▶ _EXERCISE OBJECTIVE_
Your response is a verbatim copy of the listing, stripped of its images.

▶ _RECORDED INFORMATION_
Content starts

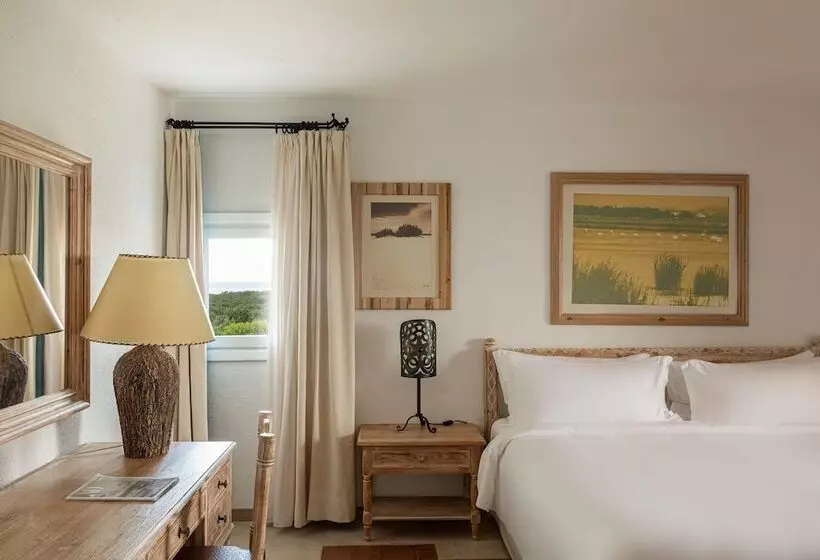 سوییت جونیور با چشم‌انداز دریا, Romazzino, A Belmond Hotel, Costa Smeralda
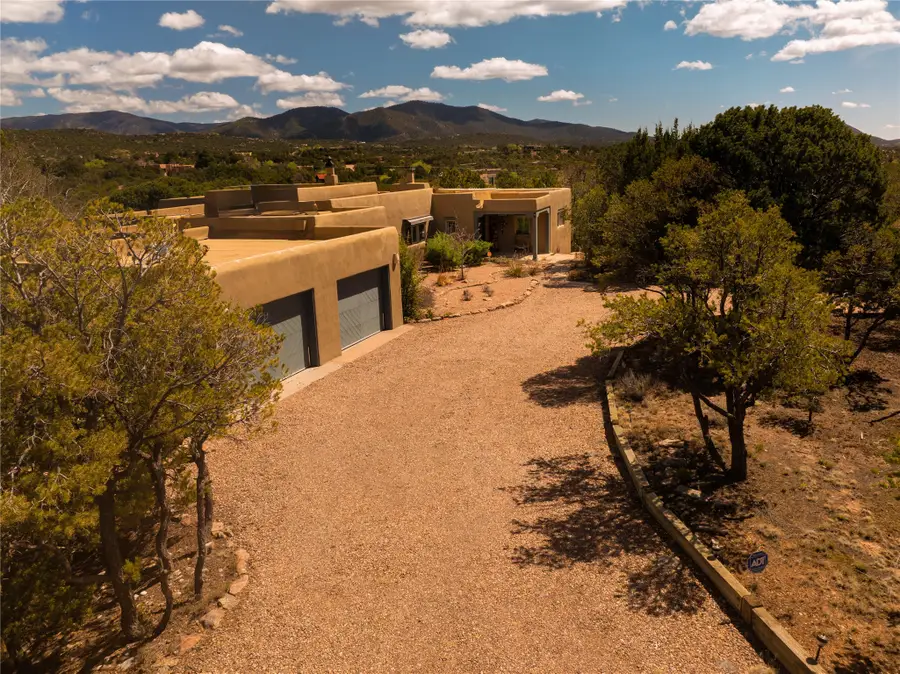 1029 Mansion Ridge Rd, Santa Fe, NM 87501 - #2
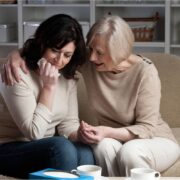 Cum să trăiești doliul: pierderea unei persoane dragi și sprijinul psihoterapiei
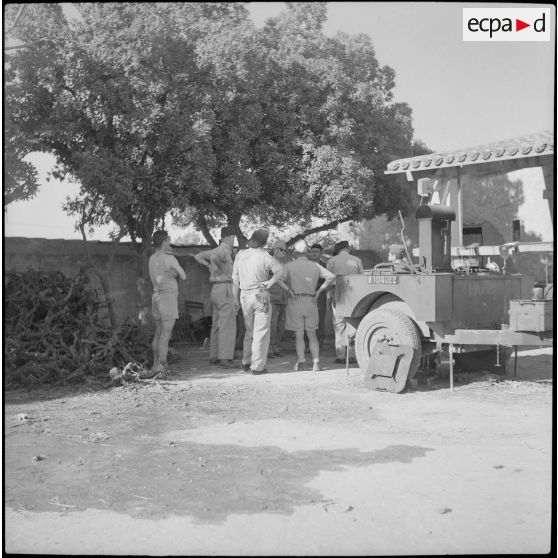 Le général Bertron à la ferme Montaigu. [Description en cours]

Content ends

▶ _TASK ANSWER_
 سوییت جونیور با چشم‌انداز دریا, Romazzino, A Belmond Hotel, Costa Smeralda
 1029 Mansion Ridge Rd, Santa Fe, NM 87501 - #2
 Cum să trăiești doliul: pierderea unei persoane dragi și sprijinul psihoterapiei
 Le général Bertron à la ferme Montaigu. [Description en cours]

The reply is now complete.